EXERCISE OBJECTIVE >>
Only the lines below from the one containing "Salt Lake Tribune" through the one containing "The sun sets" belong in the answer, repeated exactly and without pictures.

TASK DATA >>

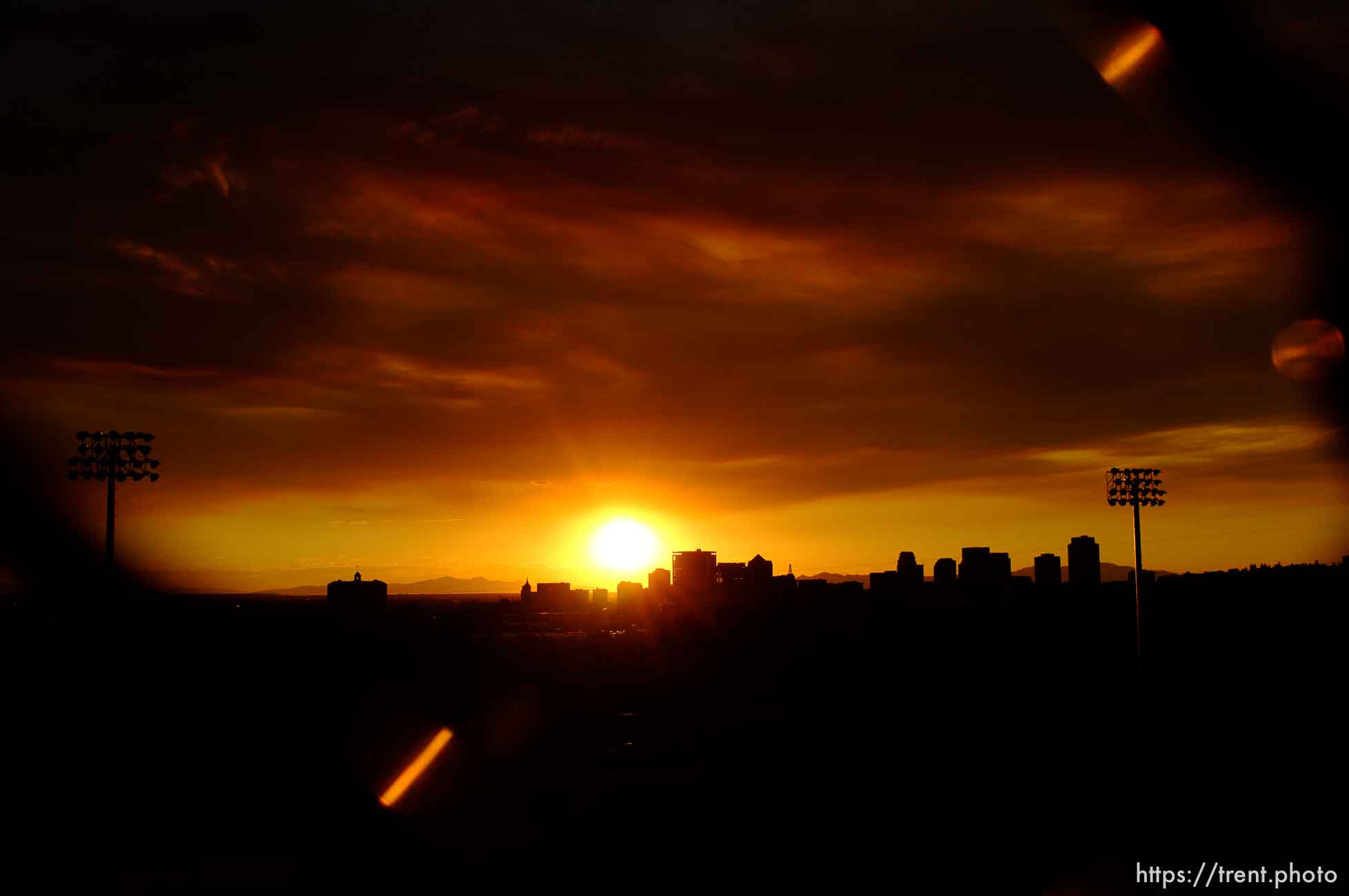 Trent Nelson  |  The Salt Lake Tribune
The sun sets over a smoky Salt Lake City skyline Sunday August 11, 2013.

* * *

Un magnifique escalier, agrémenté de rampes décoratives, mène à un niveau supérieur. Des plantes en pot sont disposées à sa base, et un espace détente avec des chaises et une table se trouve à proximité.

RESULT FOR THIS TASK >>
 Trent Nelson  |  The Salt Lake Tribune
The sun sets over a smoky Salt Lake City skyline Sunday August 11, 2013.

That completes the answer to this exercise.